Now we have a new kind of ill-formed formula: one where the semantics haven't been properly applied. So we enhance our wellformed predicate:

pred wellformed {
  -- no cycles
  all f: Formula | not subFormulaOf[f, f]
  -- the semantics of the logic apply
  semantics
}

Some Validation

Here are some examples of things you might check in the model. Notice that some are:

  • validation of the model (e.g., that it's possible to have instances that disagree on which formulas they satisfy); and others are
  • results about boolean logic that we might prove in a math course, like De Morgan's Laws.

Consistency Checks

-- First, some tests for CONSISTENCY. We'll use test-expect/is-sat for these. 
test expect {
  nuancePossible: {
    wellformed
    -- [NEW] set difference in quantifier domain
    --   Exercise: why do we need the "- Var"?
    some f: Formula - Var | {
      some i: Valuation | i not in f.satisfiedBy
      some i: Valuation | i in f.satisfiedBy
    }    
  } for 5 Formula, 2 Valuation is sat  
  ---------------------------------
  doubleNegationPossible: {
    wellformed 
    some f: Not | {
      -- [NEW] set membership (but is it "subset of" or "member of"?)
      f.child in Not      
    }
  } for 3 Formula, 1 Valuation is sat  
}

Properties of Boolean Logic

-- What are some properties we'd like to check? 
-- We already know a double-negation is possible, so let's write a predicate for it
-- and use it in an assertion. Since it's satisfiable (above) we need not worry 
-- about vacuous truth for this assertion.
pred isDoubleNegationWF[f: Formula] { 
    f in Not  -- this is a Not
    f.child in Not -- that is a double negation
    wellformed
} 
pred equivalent[f1, f2: Formula] {
    -- Note that this predicate is always with respect to scopes/bounds. That is, "equivalent" 
    -- here isn't real logical equivalence, but rather whether there is a Valuation in a given 
    -- instance on which the two formulas disagree.
    f1.satisfiedBy = f2.satisfiedBy
}

assert all n: Not | isDoubleNegationWF[n] is sufficient for equivalent[n, n.child.child] 
  for 5 Formula, 4 Valuation is unsat    

-- de Morgan's law says that 
-- !(x and y) is equivalent to (!x or !y) and vice versa. Let's check it. 
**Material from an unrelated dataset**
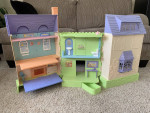 Caring Corners - Mrs. Goodbee Interactive Doll House - Learning Curve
-- First, we'll set up a general scenario with constraints. 
pred negatedAnd_orOfNotsWF[f1, f2: Formula] {
    wellformed
    
    -- f1 is !(x and y)
    f1 in Not 
    f1.child in And      
    -- f2 is (!x or !y)
    f2 in Or
    f2.o_left in Not
    f2.o_right in Not
    f2.o_left.child = f1.child.a_left
    f2.o_right.child = f1.child.a_right      
}

assert all f1, f2: Formula | 
  negatedAnd_orOfNotsWF[f1, f2] is sufficient for equivalent[f1, f2]
  for 8 Formula, 4 Valuation is unsat      

-- If we're going to trust that assertion passing, we need to confirm 
-- that the left-hand-side is satisfiable! 
test expect {
    negatedAnd_orOfNotsWF_sat: {
        some f1, f2: Formula | negatedAnd_orOfNotsWF[f1, f2]
    } for 8 Formula, 4 Valuation is sat
}

Looking Forward

It turns out that sets are remarkably useful for describing relationships between objects in the world. We'll explore that further in the next sections.